Bruce Willis'in yeni filmi Breakfast of Champions filminde figüran olarak rol almak isteyenler, filmin setinde aktörün kendisini görebilmek için can atıyorlardı. Willis'in taklitçisi de bunu fırsat bilerek Twin Falls, Idaho'da rol taksimi için toplanmış olan kalabalığı uzun süre kandırmayı başardı. İnsanlar bu şakacıyı Bruce Willis sanarak imzalar aldılar, birlikte fotoğraf çektirdiler. Taklitçi daha da ileri gidip, bir televizyon kanalıyla özel bir röportaj bile yaptı. Gerçek Willis ise öğleden sonrasını yakındaki Hailey'de, grubuyla birlikte prova yaparak geçiriyordu. Bu sırada da rol taksimi için gelen 2.700 kişi, hem sahte Bruce'la vakit geçiriyor hem de Kurt Vonnegut'un 1973 yılına ait romanının bir uyarlaması olan bu filmeki 700 esktra rol için birbiriyle yarışıyordu.
Paparazzi kurbanı Arnold
Arnold Schwarzenegger, Los Angeles'ta görülen davada, iki fotoğrafçının kendisini, karısı Maria Shriver'ı ve oğulları Patrick'i kovaladıklarını ve bu sırada kalbinin deli gibi attığını söyledi. Fotoğrafçı Giles Harrison ve Andrew O'Brien, fotoğraf alabilmek içinaktörün arabasının önünü kesmişlerdi. Savunma avukatı ise, müvekillerinin çektikleri fotoğraf ve videokasetlerin böyle bir şeyin olmadığını kanıtlayacağını iddia ediyor.

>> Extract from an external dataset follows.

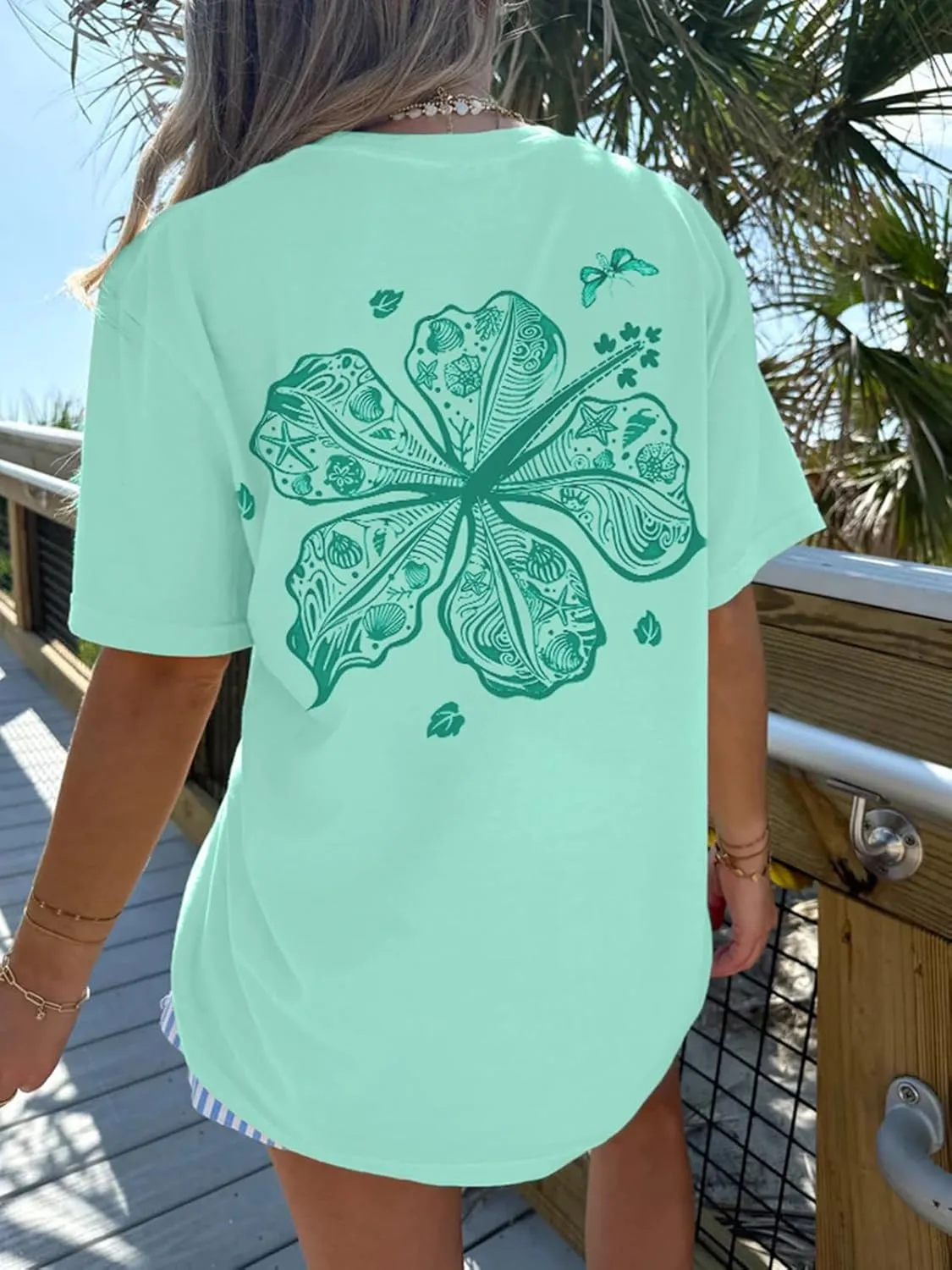 Oversized Graphic Tshirts for Women Teens Y2K Flower Short Sleeve Baggy Shirts Summer Aesthetic Beachy Coastal Tops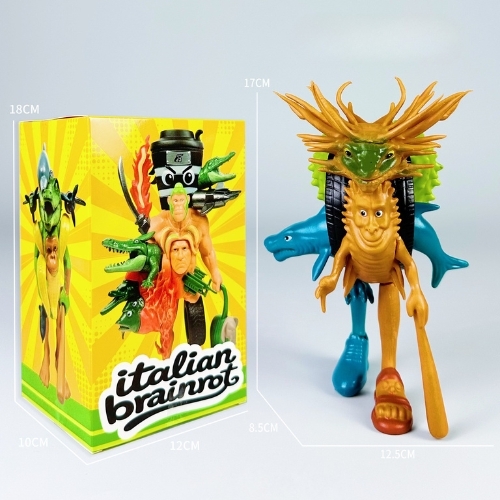 Mô Hình Tung Tung Sahur Người đầu tắc kè cầm gậy bản to - Cao : 17cm - Nặng 186gram - Box Màu - K32-T3-S4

Ang Lee'nin gözüyle ABD Rüyası
Sense and Sensibility ile Hollywood'da önemli bir çıkış gerçekleştiren Tayvanlı yönetmen Ang Lee, yeni filmiyle sinemalarda. Yönetmen, Buz Fırtınası'nda (Ice Storm) 1970'li yılların Amerika'sına götürüyor seyirciyi. Sıradan bir aileyi eksen alarak Amerikan Rüyası'na eleştirel bir bakış getiriyor. Buz Fırtınası'nın kahramanı olan Hood'lar dönemin tipik evli çiftlerinden biri. Baba Ben, işinde terfi etmeye çalışan bir orta gelirli. Anne Elena ise örnek bir Amerikalı ev kadını. Ve tabii ailenin vazgeçilmez unsuru olan çocuklar. Biri, kendini kızları tanımaya adamış, diğeri ise daha ulvi bir amaç peşinde. Kendisine politikacı olmayı hedef koymuş. Bu arada tüm ABD; Nixon'ın Watergate skandalıyla çalkalanmaktadır. Buz Fırtınası, konusuyla çok sıradan bir film gibi görünüyor. Ama olaylar geliştikçe filmin temposu da artıyor. Geçen yıl Cannes'da senaryo ödülünü kazanan Buz Fırtınası'nın başrollerinde Kevin Kleine, Joan Allen, Tobey Maguire, Sigourney Weaver yeralıyor.